Rote-Sockel-Kampagne verhindert Einigung

Weil die SPD am Bergbau festhält, scheitert das Berliner Spitzentreffen zur Steinkohle. NRW-Ministerpräsident Rüttgers fordert „zeitnahe“ Entscheidung über ein Ende der Zechen. Spekulationen über Kompromiss beim „Sockelbergbau“

BERLIN/DÜSSELDORF taz ■ Ein Bayer musste das vorläufige Scheitern der Gespräche über die Zukunft der acht verbliebenen Steinkohle-Zechen an Rhein, Ruhr und Saar verkünden. „Wir haben vereinbart, dass wir die Beratungen fortsetzen“, sagte CSU-Wirtschaftsminister Michael Glos gestern in Berlin nach dem Ende eines Spitzentreffens. Ein neuer Termin steht allerdings noch nicht fest. Die Vertreter von Bundes- und Landesregierung, Gewerkschaft sowie des Essener RAG-Konzerns hatten sich in dem zweistündigem Gespräch nicht auf ein Ende der subventionierten Steinkohle-Förderung einigen können.

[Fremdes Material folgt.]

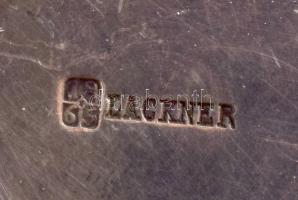 Lackner ezüstözött teás kanna, jelzett, sérült, 28x14 cm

Knackpunkt der Verhandlungen war wie erwartet der SPD-Plan für einen „Sockelbergbau“ (taz berichtete). Während die CDU-regierten Länder NRW und Saarland die Kohleförderung im kommenden Jahrzehnt komplett beenden wollen, haben sich die Sozialdemokraten aus energie- und wirtschaftspolitischen Gründen auf einen Grundsockel von jährlich sechs bis zehn Millionen Tonnen Kohle festgelegt. In der gestrigen Verhandlungsrunde vertrat laut Teilnehmerberichten auch SPD-Bundesfinanzminister Peer Steinbrück diese Parteiposition – obwohl er pro Jahr 2,5 Milliarden Euro Subventionen für die Kohle zahlt.

Ein auch von Steinbrücks Beamten mitverfasstes Eckpunktepapier, das ein Ende der Förderung zwischen 2012 und 2018 vorsah, wurde nicht beschlossen. Statt dessen sagte Wirtschaftsminister Glos, nun solle auch die Möglichkeit eines Rest-Bergbaus auf niedrigem Niveau geprüft werden. „Das könnte der Kompromiss sein – der Umfang des Sockelbergbaus“, heißt es aus der SPD-Bundestagsfraktion. Die Grundsatzentscheidung pro Steinkohle-Bergbau sei „nicht verhandelbar“.

Auch die Bergbaugewerkschaft IG BCE will weiter für den Sockelbergbau kämpfen. Angesichts weltweiter Verteilungskämpfe brauche „Deutschland langfristig die Fähigkeit zur Förderung von Steinkohle“, sagte IG BCE-Chef Hubertus Schmoldt. Er bedankte sich bei der SPD für die Unterstützung. Zugleich bedauerte Schmoldt, dass es bei dem Spitzentreffen „nicht gelungen ist, alle Teilnehmer von der Richtigkeit unserer Argumente zu überzeugen“. RAG-Chef Werner Müller schien er nicht zu meinen. Eine Konzernsprecherin sagte knapp, die Sitzung sei gut verlaufen; außerdem hoffe sie, dass es „konstruktiv“ weiter gehen werde.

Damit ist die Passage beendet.